A key lesson along the way, says Dickson, is to ensure customer service doesn’t lag the software’s capabilities. “We can only win on efficiency and best-in-class products,” says Dickson, which, he adds, requires a customer support team high in empathy and responsiveness. The company recently hired several support personnel, and now has eight people on the team, including a former nurse and hospitality employee.
Another challenge, says Dickson, will be to market offrs.com to a new audience without diluting its real estate and Realtor base. The company is adding outside sales agents, and recently implemented a new customer relationship management system to address that issue.
Like PropLogix and some other tech firms in the region, offrs.com emphasizes corporate culture, both as a perk and a recruiting tool, wrapped with a work hard-play hard bow. “We don’t have hours and we don’t have a dress code,” Dickson says. “But we do have high expectations, and we expect those expectations to be met.”
‘We’ve hit an inflection point. We are like a wound spring.’ Mark Dickson
PropLogix, like offrs.com, got its start with a narrow, albeit somewhat dry, focus: to help clients find fees, liens or assessments on properties.
Sarasota lawyers Evan Berlin and Jamie Ebling founded the firm in 2012. They sought a uniform way to search city or county finance and permit departments and other government offices for the liens, not finding a strong outside vender to do the work.
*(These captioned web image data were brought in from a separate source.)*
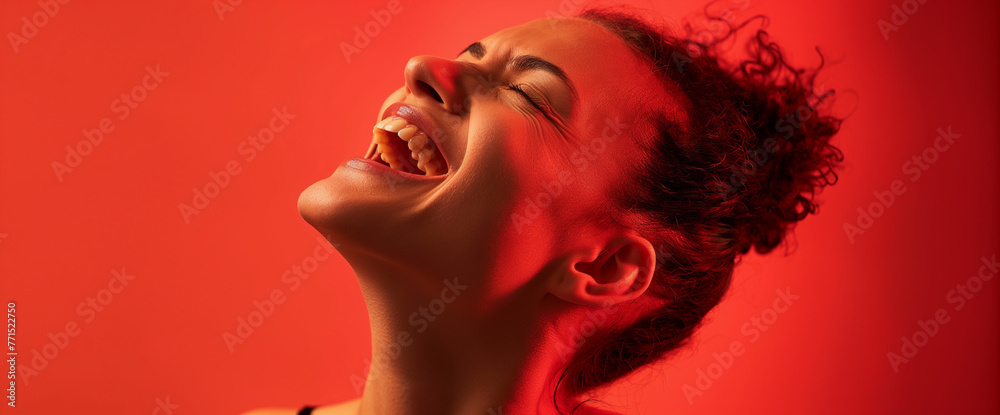 Studio portrait of woman yelling, intense red background and lighting Studio portrait of woman yelling, intense red background and lighting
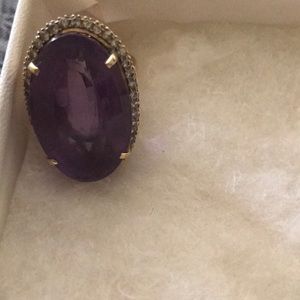 Large Amethyst ring with pave in diamonds.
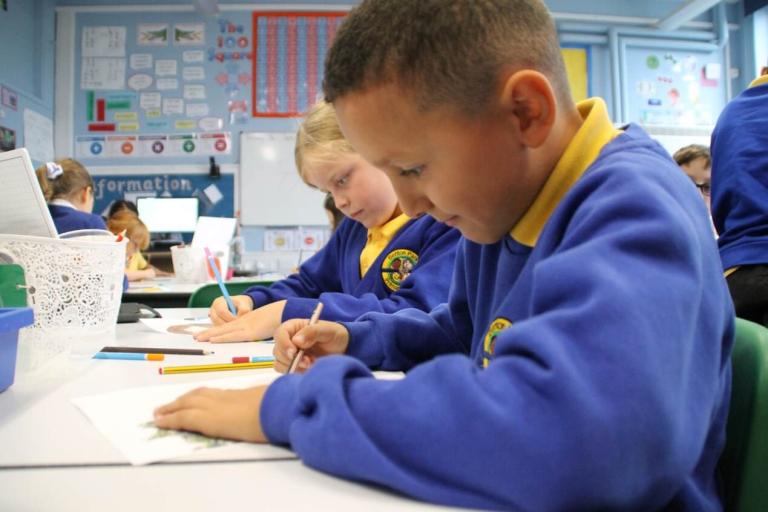 Two primary school students in a classroom holding pencils completing school work.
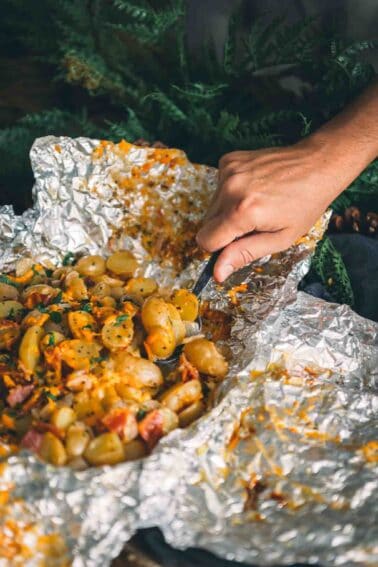 Uma pessoa está preparando batatas para fogueira.
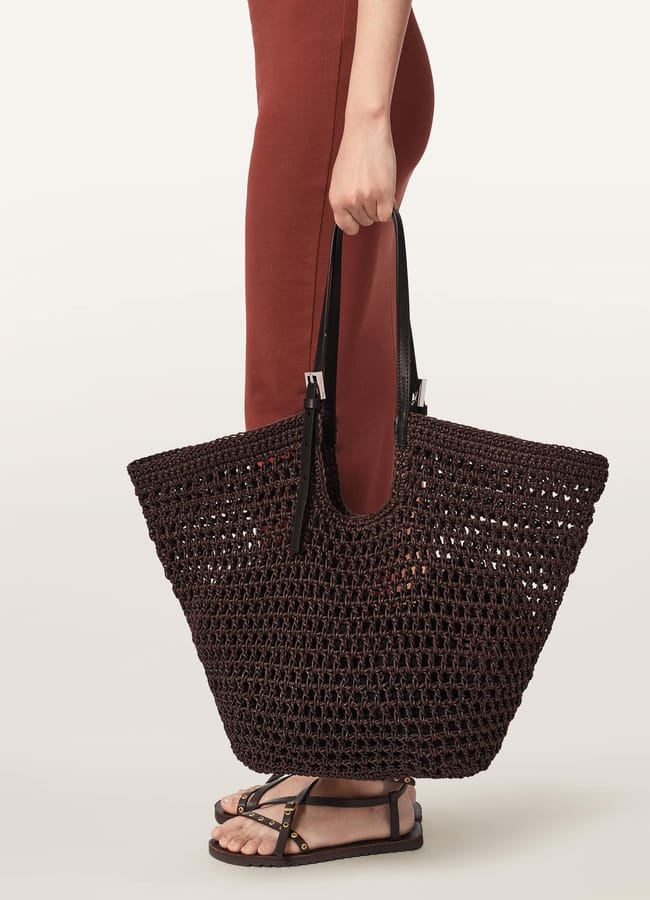 A person in a rust-coloured dress and black sandals holds a large, dark brown woven basket bag with black handles against a plain light background.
Biter, friends with Berlin and Ebling, and a client, bought the firm in October 2014. Since then it has gone from 10 employees, 1,000 searches a month and less than $5 million a year in sales to its current size. The company is based in south Manatee County, leasing space in the headquarters facility of Medallion Home.
The PropLogix model is mostly transaction for fees. But Biter says the company will need to shift to a software as a service model to capture the outer rings of the real estate dartboard, in his vision.
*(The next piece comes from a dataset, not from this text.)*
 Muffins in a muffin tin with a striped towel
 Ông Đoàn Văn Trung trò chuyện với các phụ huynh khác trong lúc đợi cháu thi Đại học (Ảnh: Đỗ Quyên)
Biter, 42, hopes to launch the new PropLogix software product, in a beta version, by March 1. He quips that he’s locked up his developer team in a room until then. “They have a heavy financial incentive to get it done early,” Biter adds.
Like offrs.com, a core PropLogix challenge is to find top developers, lure them to town and get them to stay at the company. Biter says he spends a good deal of his time personally recruiting software developers, mostly on LinkedIn. The company recently plucked one developer from North Carolina. But hiring continues to be an obstacle. “Every company seems to be hiring developers,” says Biter.
In two other similarities to offrs.com, PropLogix has a keen focus on customer service and, internally, corporate culture. On the former, exceeding customer expectations is a core value, and plays a role in employee evaluations and bonuses.
Treatment of people is another core value at PropLogix. That includes things like an employee stock ownership program, better-than-market salaries and good benefits. It also includes some more unusual nuggets — such as encouraging employees to go to glassdoor.com, the popular anonymous employee portal, to review PropLogix, good or bad. “We look at what’s on there,” says Biter of the firm’s top management team, “and by understanding it, we can begin to make changes if we need to.”
The company also utilizes officevibe, another anonymous user-generated website that creates polls and surveys to gauge employee engagement and opinions. The PropLogix corporate culture is so important to Biter he recently set two goals for his human resource staff — win Florida Trend magazine’s best place to work award in 2019, and duplicate that feat in Inc. magazine in 2020.
While company culture is a strong recruiting tool, says Biter, it’s also a bit more personal. “I really just enjoy being around happy people,” says Biter. “After selling HomeNet, I basically never had to work again. I want to enjoy my days and the way I spend my time, otherwise it’s not worth it to me. I get more joy in seeing people happy than I do trying to save every penny.”